Deputy Unthank could not be questioned, having disappeared some weeks ago, but many a witness was ready & eager to tell where his "expense money" went.
After a peg-legged, 73-year-old union organizer named Lawrence ("Peggy") Dwyer had told how his hotel room was dynamited in 1933, the Committee dramatically produced the men convicted of the dynamiting. Unthank, said swart Chris Patterson, had paid him $100 for the job, $50 per month salary during the ten months he served in prison for it. But, he protested, he had not actually touched off the explosion. He had paid one R. C. Tackett $50 to do that.
In the custody of a deputy U. S. marshal, up shuffled aging R. C. Tackett, clad in a homemade shirt and overalls. Jailed in Kentucky on a shooting charge, he had refused to venture up to Washington except under Federal protection. With his Adam's apple bobbing, Tackett kept glancing nervously back at the bosses and deputies in the audience as he told the Senate Committee how the dynamiting had been plotted among Unthank, himself, Patterson and the prosecuting attorney of adjoining Bell County. He had been too drunk to do the job, he twanged, but had been paid $30 to keep his mouth shut. He knew the money came from the Harlan County Coal Operators' Association because Unthank had told him so.

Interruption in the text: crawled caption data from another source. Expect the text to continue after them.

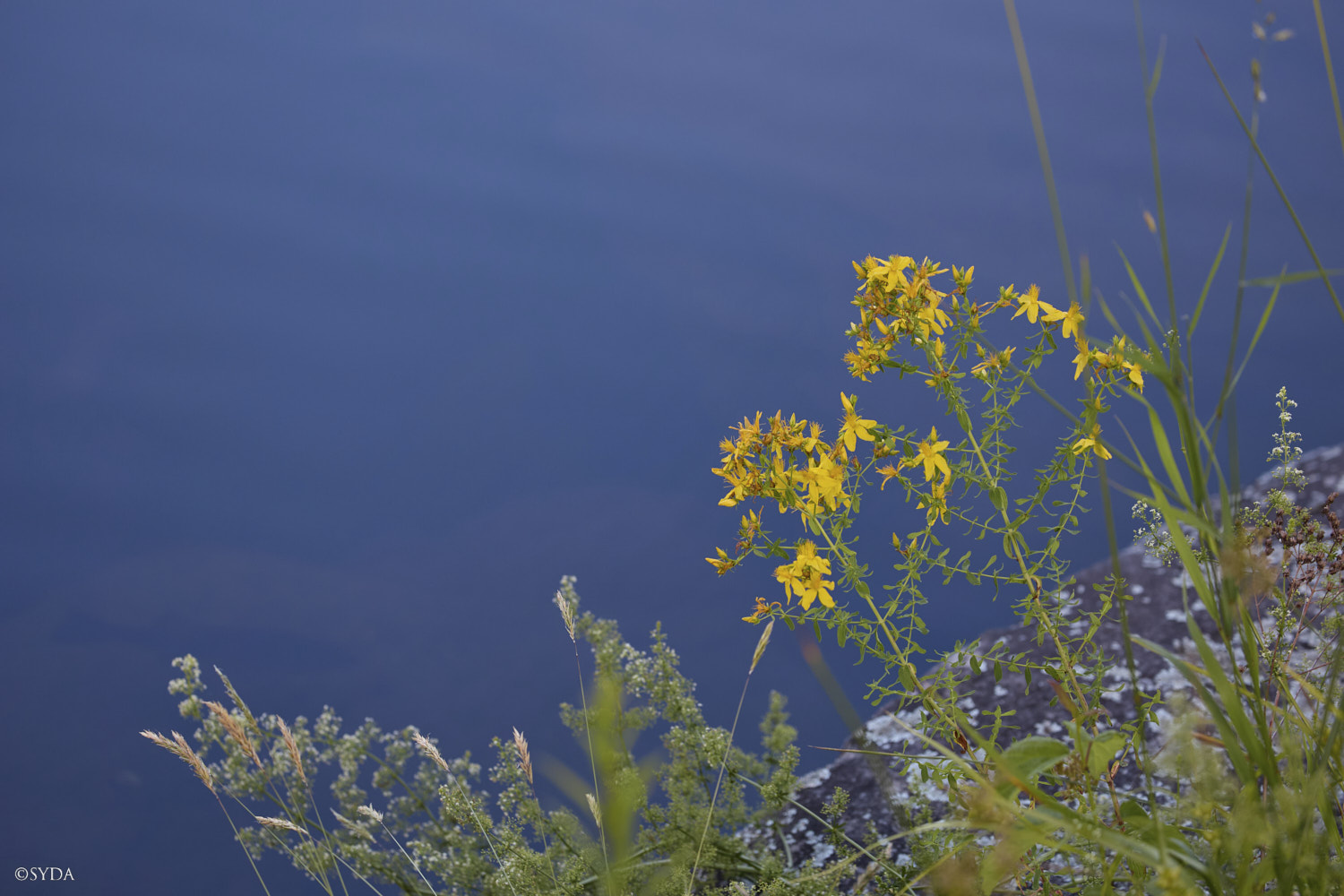 Nature Image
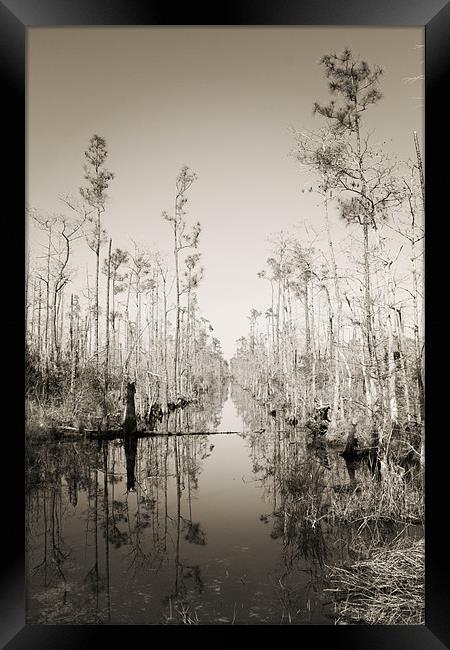 Wet Trail Framed Print by Candice Smith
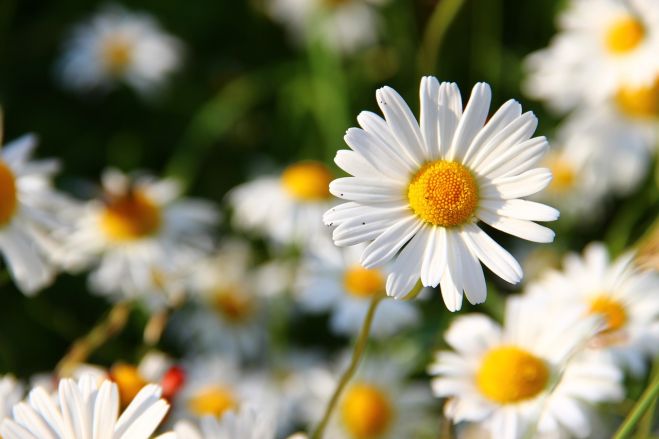 Foto: pixabay.com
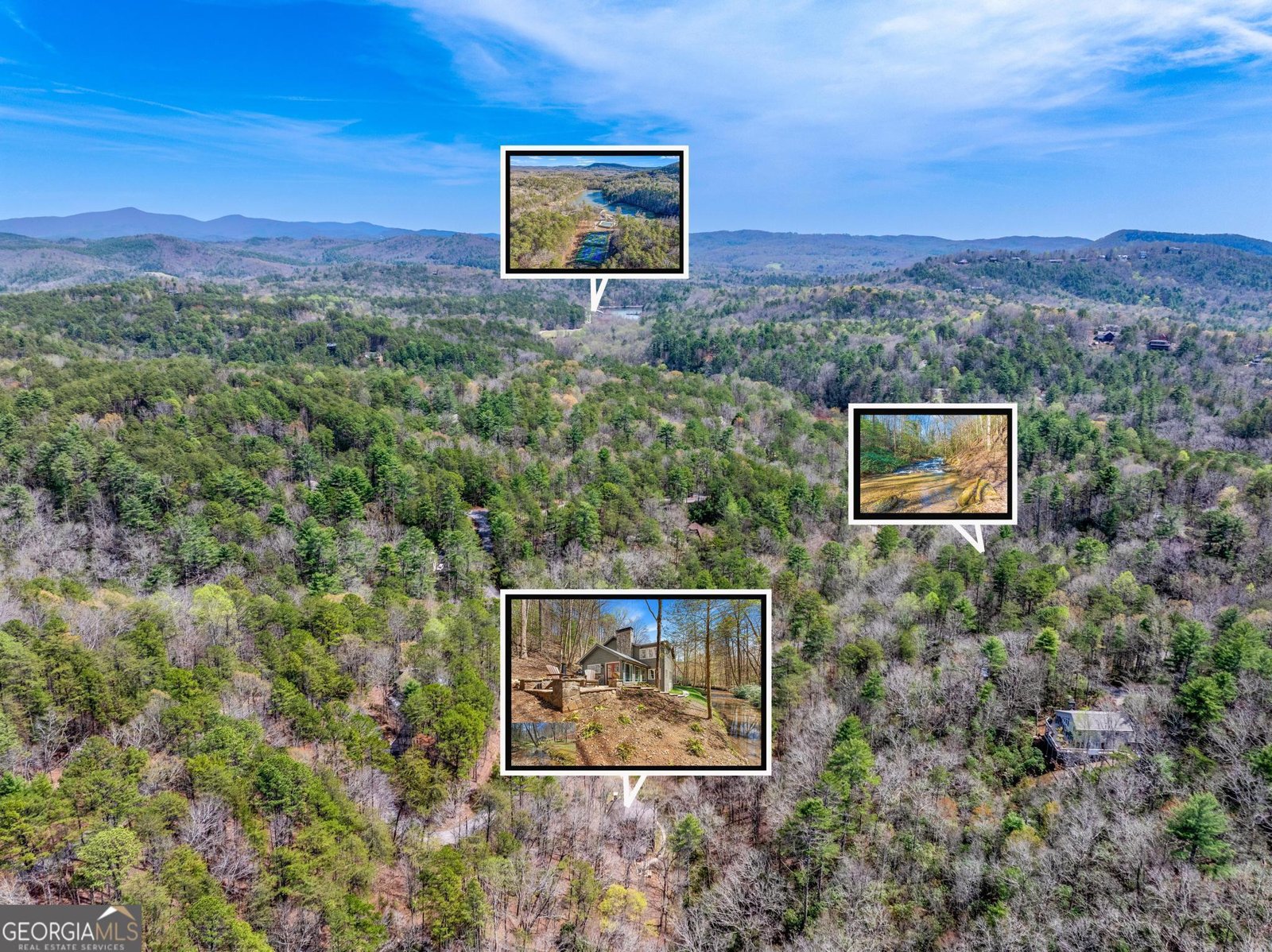 310 Blue Ridge Drive Sautee Nacoochee - Photo 59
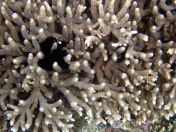 077.jpeg - 2018:09:11 21:23:52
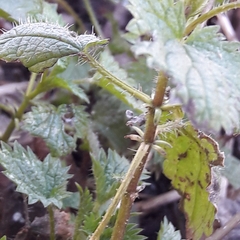 Urtica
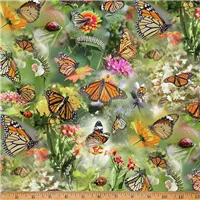 Butterfly Caterpillar Ladybird Meadows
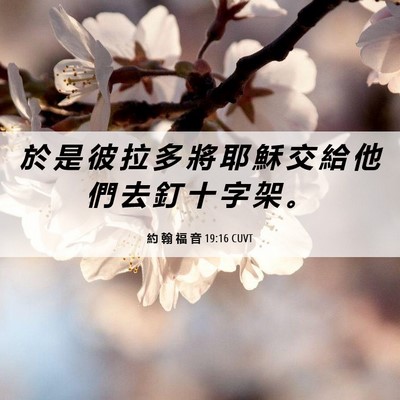 Picture 06 - 約 翰 福 音 19:16 CUVT - 於 是 彼 拉 多 將 耶 穌 交 給 他 們 - Bible Verse Picture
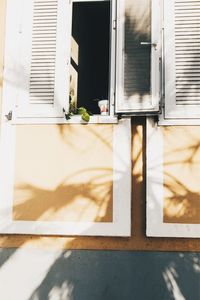 Potted plant on table by window of building
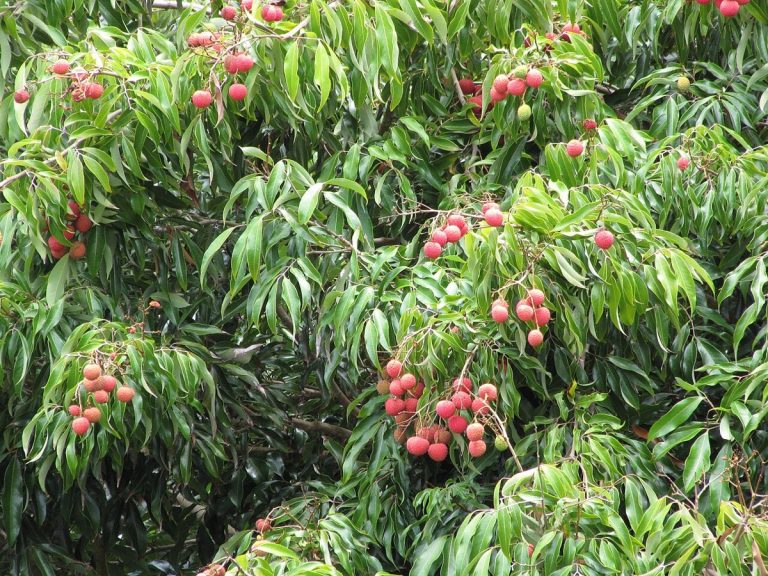 Cây vải (Litchi chinensis)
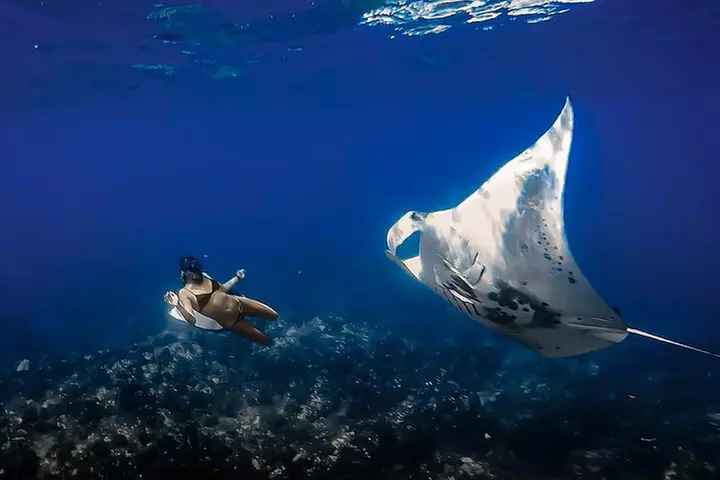 Manta Ray Night Snorkel Tour in Kailua-Kona, Big Island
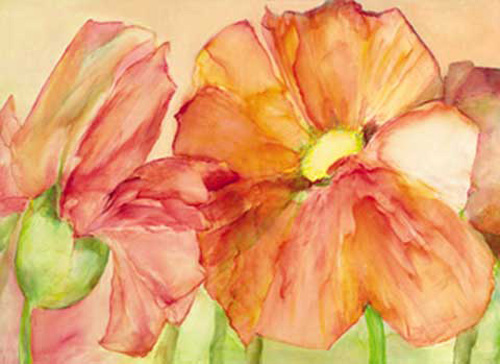 Reichert, Katharina - Kunstdruck - Irish Poppies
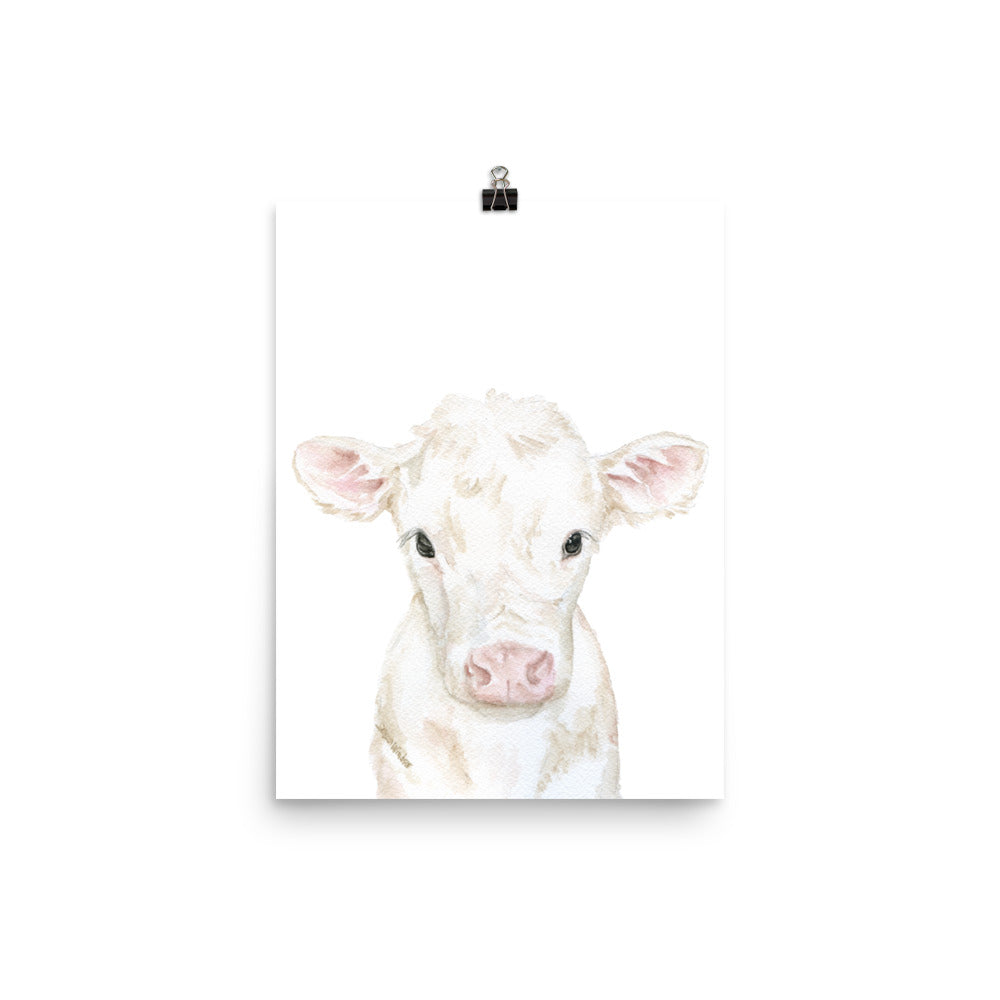 White Calf Watercolor Cow – Susan Windsor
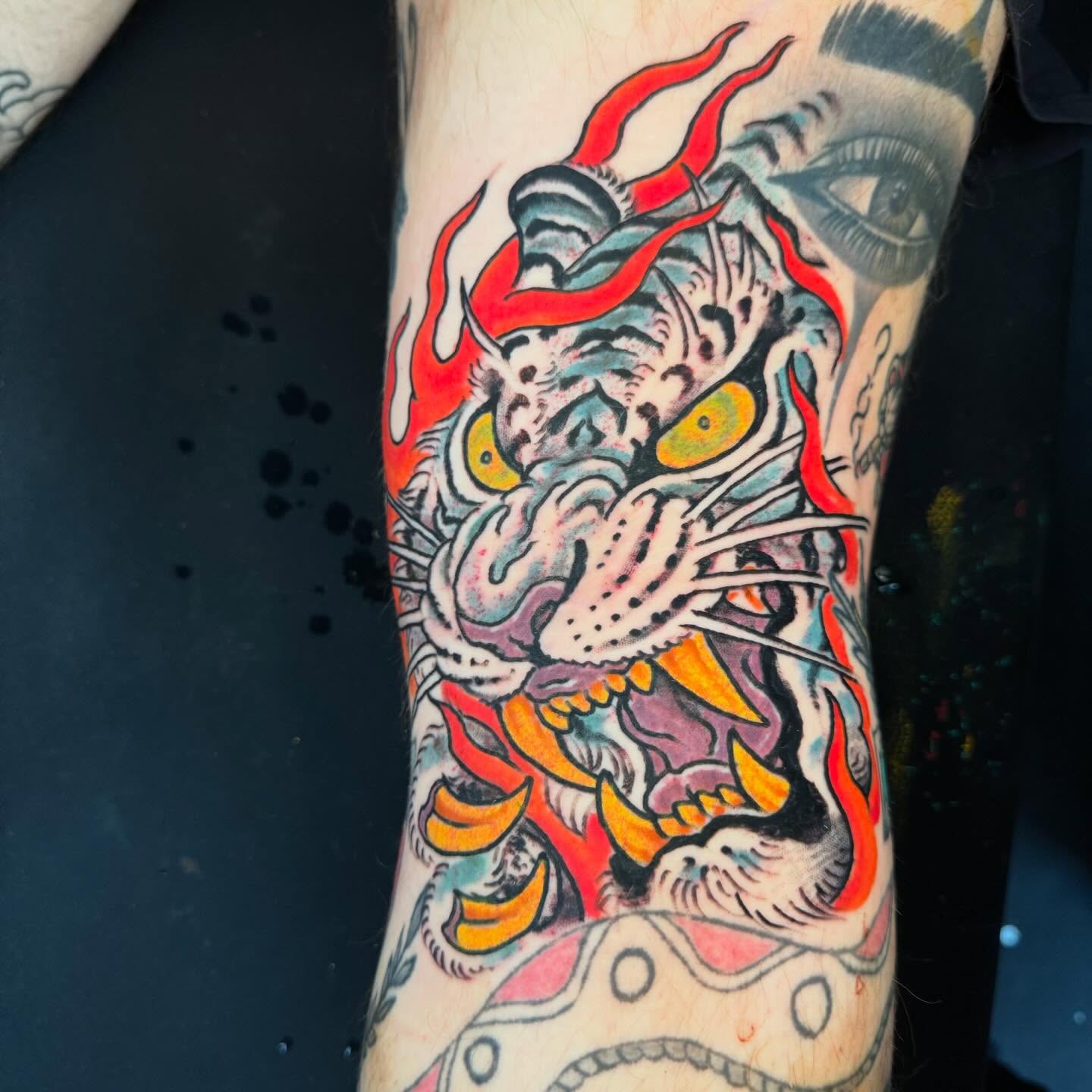 Tiger American traditional tattoo on the forearm by Tim Lehi, Oakland, California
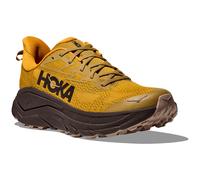 Chaussures de running hommes Hoka M Challenger 8 Taille de chaussures (UE): 42 2/3 / Couleur: brun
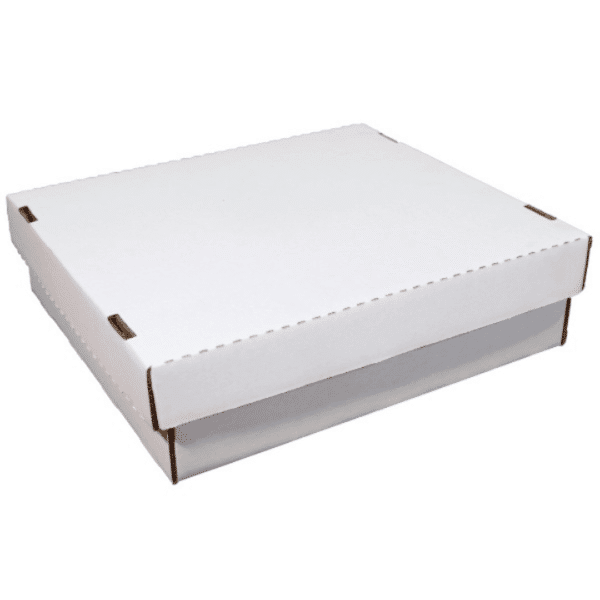 3200 Count Card Storage Box - 1 Pack | Woodhaven Trading Firm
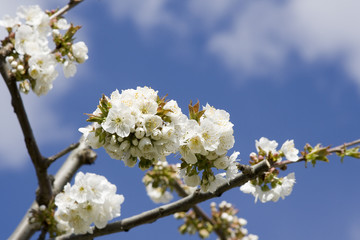 cerisiers en fleurs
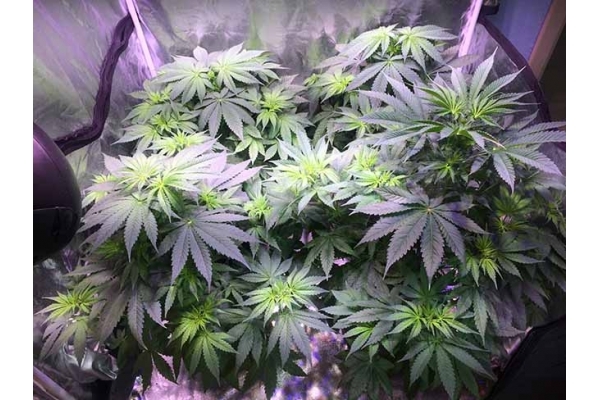 Blue Dream (Zamnesia Seeds) feminizada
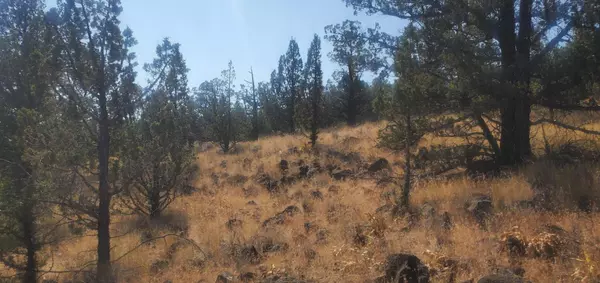 Prineville, OR 97754,TL1000 Pinecrest DR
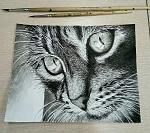     
: P70302-182522(1).jpg
: 13
:	232.2 
ID:	12930238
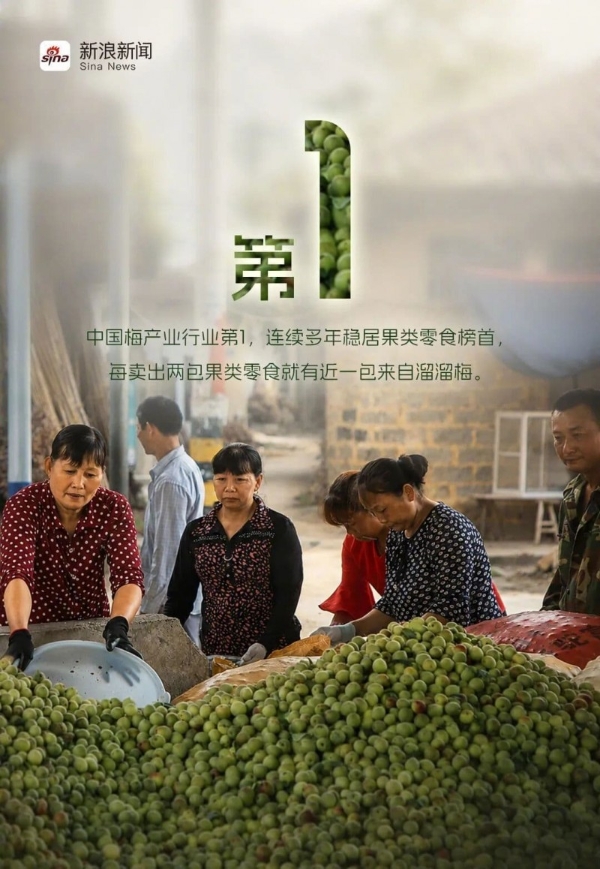 溜溜梅打破青梅的品类天花板，新晋港股消费“超购王”靠什么续航？ 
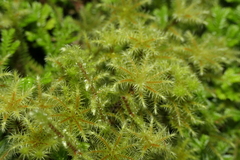 Breutelia azorica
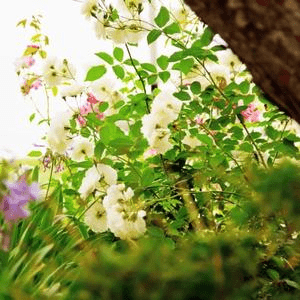 双鱼的小可爱音乐厅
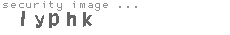 security image
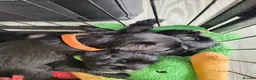 Miniature Schnauzer dogs for sale: Beautiful Black Miniature Schnauzer Puppies - Advert 12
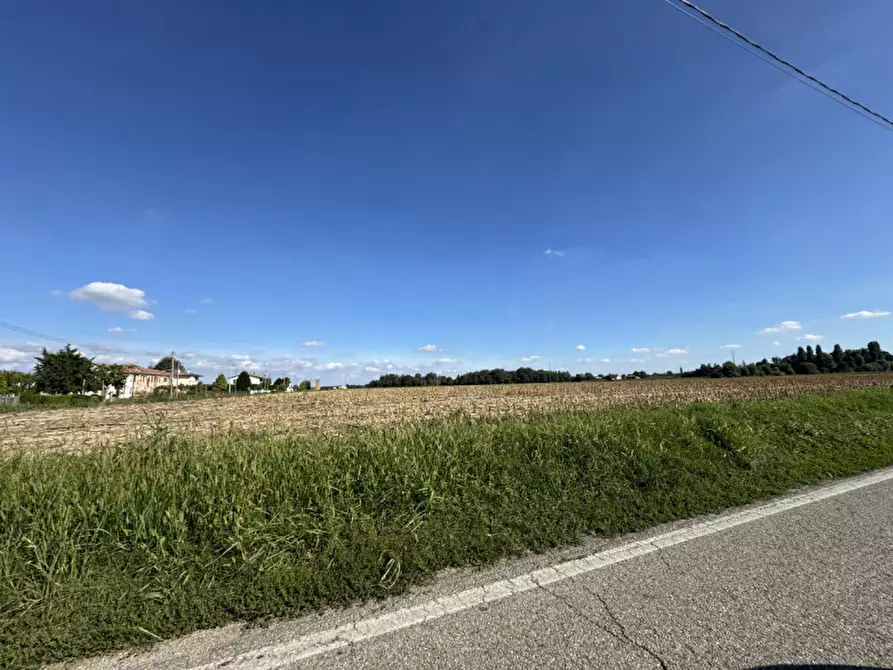 Immagine 5 di Terreno in affitto  in Via Foscarina a Barbona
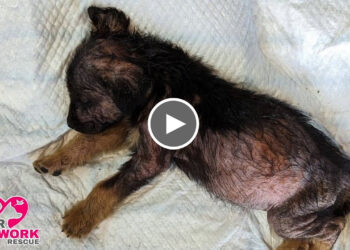 Neglected Puppy with Severe Skin Disease Transformed after Rescue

In the nightmare of shootings, beatings and dynamitings of union organizers described to the Committee. Ben Unthank was by no means the only law officer accused. Star witness was thick-necked, freely-sweating Thomas R. Middleton, who served five months for bootlegging before he was elected High Sheriff of Harlan County in 1934. Member of one of the section's largest families. Sheriff Middleton once had a distant cousin named Elman Middleton who was prosecuting attorney of Harlan County and started a crusade for miners' rights. Two years ago Cousin Elman stepped on his automobile starter, went up in a confetti of steel, flesh and dynamite. Since 1934, said the sheriff, he had appointed 379 deputies, of whom only a half-dozen or so were paid by the county. The rest were hired by the operators as "special guards." Senator La Follette produced an investigators' report which showed that of Sheriff Middleton's 163 current deputies, 14 had served time in State prisons, two in Federal prisons. 34 had been indicted locally, all for crimes of violence. The sheriff's prize deputy was his brother Slemp, ordered removed from office by a Circuit Court in 1934 as "one of the'most dangerous men in Harlan County." As soon as things had quieted down, Sheriff Middleton put Brother Slemp, back to work as a law officer.
Damping the hopes of horrified citizens, evidence appeared last week that Harlan operators and their henchmen were not to be regenerated by any such shadowboxing as a Supreme Court decision and a Senate investigation. A young grocery clerk who testified that Ben Unthank had offered him $100 to "shoot up" a union organizer, returned to tell the Committee that a Harlan deputy and three other men had followed him to a Capitol washroom and pushed him around, that he had later been warned by telephone to get out of Washington or be "buried in Arlington." Hapless R. C.
Tackett also returned, said that a thick-shouldered young mine superintendent named Ted Creech, son of a Harlan operator, had approached him outside the committee room, threatened to have him jailed for ten years when he got back to Harlan.
When Creech denied this before the Committee, he was promptly given the lie by Tackett's custodian marshal, arrested for perjury. Creech would be defended, it was announced, by Charles I. Dawson, Kentucky's onetime Federal judge who declared the NRA Coal Code unconstitutional (TIME, March 11, 1935, et seq.) and then resigned from the bench to return to private practice, including a job as attorney for the Harlan County Coal Operators' Association.